He’s weak all ways and can’t perform; fear my desire’s now on the floor.
I look at him and do not see the kind of man want inside me.
His belly’s big, his member’s soft, needs Viagra to just get off.
I cannot smile, pretend to care, when I remove my underwear.
He has his needs, yeah; and so what? That’s nice tool shed, his big fat gut.
From flaccid start we do progress and when he’s done I’m barely wet.
The span of time has done him wrong, in old folk’s home’s where he belongs.
I’m young, he’s old, and truth be told his late-life mess just leaves me cold.
There is no joy or appetite as with my hand perform the rite,
the rite I swear every time is final one; no bump, no grind.
My hands revolt, my mouth says, “Whoa!” I got no hole where he can go.
The Joy of Sex is just a joke as his rooster I once more choke.
I wish him well, I truly do, but swear I’ll scream next time we screw.

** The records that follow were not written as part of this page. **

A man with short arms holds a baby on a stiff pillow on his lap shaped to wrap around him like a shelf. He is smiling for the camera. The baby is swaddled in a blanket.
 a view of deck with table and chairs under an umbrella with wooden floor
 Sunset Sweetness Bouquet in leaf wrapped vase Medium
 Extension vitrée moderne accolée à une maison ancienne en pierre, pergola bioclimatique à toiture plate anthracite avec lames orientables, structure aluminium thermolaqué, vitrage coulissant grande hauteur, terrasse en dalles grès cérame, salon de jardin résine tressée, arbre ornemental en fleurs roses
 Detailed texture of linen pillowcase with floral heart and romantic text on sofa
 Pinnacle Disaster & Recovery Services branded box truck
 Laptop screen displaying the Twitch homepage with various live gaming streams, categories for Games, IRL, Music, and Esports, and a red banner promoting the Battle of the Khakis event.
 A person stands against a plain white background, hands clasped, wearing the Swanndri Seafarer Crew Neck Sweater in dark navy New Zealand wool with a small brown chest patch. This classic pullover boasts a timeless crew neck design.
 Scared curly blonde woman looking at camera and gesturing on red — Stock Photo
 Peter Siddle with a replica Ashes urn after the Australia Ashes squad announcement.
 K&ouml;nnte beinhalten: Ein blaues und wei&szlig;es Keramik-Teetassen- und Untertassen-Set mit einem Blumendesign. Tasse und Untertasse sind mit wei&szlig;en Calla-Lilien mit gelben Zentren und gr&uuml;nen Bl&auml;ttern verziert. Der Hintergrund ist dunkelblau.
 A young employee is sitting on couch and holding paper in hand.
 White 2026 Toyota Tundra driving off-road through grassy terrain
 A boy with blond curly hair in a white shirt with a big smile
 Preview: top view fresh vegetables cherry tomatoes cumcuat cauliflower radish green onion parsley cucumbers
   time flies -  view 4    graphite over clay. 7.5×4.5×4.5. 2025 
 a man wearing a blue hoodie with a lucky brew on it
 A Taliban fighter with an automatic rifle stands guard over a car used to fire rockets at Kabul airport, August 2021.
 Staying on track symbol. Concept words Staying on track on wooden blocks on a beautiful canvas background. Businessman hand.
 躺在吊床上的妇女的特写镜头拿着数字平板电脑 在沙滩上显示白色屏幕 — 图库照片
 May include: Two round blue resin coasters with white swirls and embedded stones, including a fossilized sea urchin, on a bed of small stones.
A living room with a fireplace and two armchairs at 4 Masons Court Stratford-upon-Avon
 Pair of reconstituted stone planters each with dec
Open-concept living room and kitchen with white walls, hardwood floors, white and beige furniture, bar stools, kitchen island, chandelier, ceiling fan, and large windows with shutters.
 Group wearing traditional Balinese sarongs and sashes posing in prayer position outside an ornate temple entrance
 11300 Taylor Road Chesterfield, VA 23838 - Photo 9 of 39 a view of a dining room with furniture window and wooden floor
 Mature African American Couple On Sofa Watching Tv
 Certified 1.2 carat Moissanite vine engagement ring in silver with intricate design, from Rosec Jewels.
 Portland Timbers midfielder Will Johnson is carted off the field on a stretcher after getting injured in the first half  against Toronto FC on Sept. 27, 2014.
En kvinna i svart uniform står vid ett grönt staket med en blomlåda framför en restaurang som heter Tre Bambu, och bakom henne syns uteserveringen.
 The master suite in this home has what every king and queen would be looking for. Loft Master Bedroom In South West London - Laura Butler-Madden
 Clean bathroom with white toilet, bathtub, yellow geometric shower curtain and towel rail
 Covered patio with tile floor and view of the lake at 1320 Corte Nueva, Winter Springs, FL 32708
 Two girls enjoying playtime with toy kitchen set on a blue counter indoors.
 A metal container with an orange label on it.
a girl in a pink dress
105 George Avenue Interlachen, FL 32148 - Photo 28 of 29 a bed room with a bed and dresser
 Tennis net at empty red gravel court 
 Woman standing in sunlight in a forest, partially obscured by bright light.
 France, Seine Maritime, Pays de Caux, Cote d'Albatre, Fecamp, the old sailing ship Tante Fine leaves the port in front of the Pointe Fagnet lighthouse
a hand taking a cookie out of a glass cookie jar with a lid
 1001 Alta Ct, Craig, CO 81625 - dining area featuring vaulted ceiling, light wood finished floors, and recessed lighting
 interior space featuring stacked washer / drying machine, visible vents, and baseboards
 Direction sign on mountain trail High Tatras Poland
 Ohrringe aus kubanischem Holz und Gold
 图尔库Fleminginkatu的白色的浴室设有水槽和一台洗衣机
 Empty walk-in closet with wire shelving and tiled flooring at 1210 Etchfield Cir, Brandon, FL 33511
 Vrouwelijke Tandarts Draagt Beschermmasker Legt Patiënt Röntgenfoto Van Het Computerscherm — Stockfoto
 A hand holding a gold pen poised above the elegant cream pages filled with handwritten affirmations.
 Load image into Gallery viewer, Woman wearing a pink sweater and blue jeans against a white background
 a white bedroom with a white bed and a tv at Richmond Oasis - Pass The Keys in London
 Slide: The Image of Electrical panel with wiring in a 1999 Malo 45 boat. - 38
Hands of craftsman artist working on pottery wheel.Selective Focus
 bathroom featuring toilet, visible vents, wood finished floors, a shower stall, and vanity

“Enough’s enough! You’re parasite. I get you off, you drift good night.”
As with the drift of continents divided by incontinence.
To share a bed with such as he each night eight hours of misery.
To separate room I often go, I blame it on his snoring so,
but, truth be told, it’s so much more; I feel pity yet him deplore.
I know hindsight’s twenty-twenty but now regret mar’ing money.
My path’s unclear which way to go, one thing is plain, our sex-life blows.
A dalliance, a secret tryst, might restore me but it has risks.
I’d be content as his housemate, in separate rooms cohabitate.
Symbiosis is long since dead, may bite it off next time give head.
There is no more romantic love; man needs a lei? How bout foxglove?